Б. А. Рыбаков переименовал древности антов в «древности русов», даже произвел само имя анты от имени венеты, измыслив в духе народной этимологии «диалектную» форму вянты: вятичи тоже становились «видоизменением общеславянского наименования «венеты»» (Рыбаков 1953), и простор для конструкций праславянской и особенно древнейшей русской истории открывался от Дуная до Оки.
В 1960-е гг. к этой конструкции Б. А. Рыбакова присоединился П. Н. Третьяков (Третьяков 1968), который отнес к племени русов (вспомнив росомонов и роксоланов) древности волынцевской культуры в Левобережье Среднего Днепра, считая свойственный этой культуре обряд трупосожжения славянским. Правда, ознакомившись со сходной обрядностью носителей салтовской культуры Хазарского каганата, Третьяков отказался от «преждевременного вывода» (Третьяков 1970. С. 108–109). Уже в 1990-е гг. традицию поисков славянской руси в Приднепровье продолжил В. В. Седов, который свободно перемещал древнейшую русь от Дуная и Верхнего Поднепровья до Поволжья (!) в «антском» ареале, установив исторический рубеж для этих миграций уже в Левобережье Днепра, где этот ученый искал «Росский каганат» IX в. (см. далее о «Русском каганате»).
Поскольку все эти построения никак не соотносятся со всем, что известно о древнейшей руси, то летопись игнорируется — и воспроизводится (без ссылки на не вполне авторитетных для официозной историографии средневековых и «несоветских» предшественников Д. И. Иловайского, Г. В. Вернадского и др.) сарматская этимология имени русь/рос. Благо, сарматы (аланы) продолжали жить в Восточной Европе и в средние века. Сарматский компонент характерен и для черняховской культуры — здесь и усматривается начало воздействия иранской традиции на праславян (ср.: Рыбаков 1982. С. 86; Седов 2002. С. 189 и сл.). Но, несмотря на многолетние усилия, обнаружить преемственность между черняховской культурой III–IV вв., «древностями антов» и достоверно славянскими культурами VI–VII вв. не удается.
Б. А. Рыбаков применял для характеристики «древностей антов» термин «дружинная культура», и эту характеристику, несмотря на отсутствие в кладах оружия, можно считать справедливой: клады содержали вещи, отражающие воздействие разноэтничных традиций — готской, аварской, византийской. Основой связей, которые объединяли «древности антов», были не племенные кровно-родственные узы, а межэтнические отношения, свойственные культуре эпохи Великого переселения народов. Те же связи характеризуют и культуру немногочисленных поселений, увязываемых с древностями антов, прежде всего — Пастырского городища (производственного центра, расположенного в лесостепи вне зоны славянского расселения — Приходнюк 2005. С. 98; ср. главу X.1).

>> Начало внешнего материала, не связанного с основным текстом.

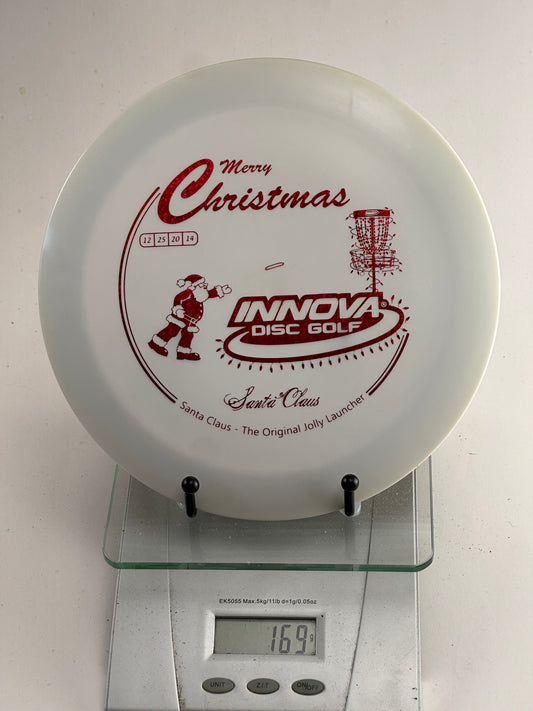 Innova DX Destroyer Pre-Embossed (White) Merry Christmas Santa Stamp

Воссоздать социальный строй и дружинные отношения у носителей «древностей антов» сложно: неясен исторический и археологический контекст, в котором формировались «клады». Ф. Курта (2008) обратил внимание на специфическую связь евразийских погребальных комплексов и «кладов» с мужским и женским (детским) инвентарем в VI–VII вв., в том числе — на женские погребения с оружием, выделив «гендерную», но не этническую составляющую в развитии евразийской элиты.
Современная историография подчеркивает особую роль воинской (дружинной) элиты в формировании этнических — надплеменных связей, в формировании собственно «народов» (см. из отечественных работ на эту тему — Сванидзе 1995). Вероятно, такую роль на юго-востоке Восточной Европы играли и анты, но анты не оставили своего имени в истории, в отличие от руси. Их имя исчезает (после 612 г. — Свод, т. 1. С. 260) с истреблением элиты, после разгрома антов аварами [74].
Уже в 1955 г. Г. Ф. Корзухина показала, что клады с древностями антов были зарыты не в результате победоносных походов славян на Дунай, а в периоды угрозы, которая исходила от степняков (Корзухина 1955), в конечном для «древностей антов» итоге — от хазар (от хазар погибло и поселение на Пастырском). Однако первыми, с кем пришлось столкнуться населению Восточной Европы VI в. вслед за гуннами, были болгары. «Столкновение» не сводилось к конфликтам: в главе I мы видели, что гунны, склавины и анты вместе атаковали дунайскую границу Византии.
В Причерноморье в VI–VII вв. сложилась пеньковская культура, достигающая лесостепной полосы Среднего Поднепровья; на ее поселениях, наряду с характерными квадратными в плане славянскими полуземлянками с печами, обнаруживаются юртообразные круглые в плане жилища с очагами — свидетельство присутствия носителей кочевнических традиций (ср.: Флёров 1996. С. 33–35; Горюнов 1981. С. 81–82; Рашев 2000. С. 48–52). М. И. Артамонов склонен был считать пеньковскую культуру болгарской, как и культуры VII–VIII вв. Среднего Поднепровья (Артамонов 2002. С. 515 и сл.). «Великая Болгария» византийских источников занимала в построениях Артамонова историческое пространство между Боспором (Таманским полуостровом) и Паннонией, захваченной аварами. Славяне, как он считал, не могли продвигаться к Днепру навстречу номадам. Ныне ситуация выглядит иначе: участие славян в сложении пеньковской и других культур Поднепровья в VI–IX вв. общепризнано (ср.: Горюнов 1981; Гавритухин, Обломский 1996. С. 140 и сл.).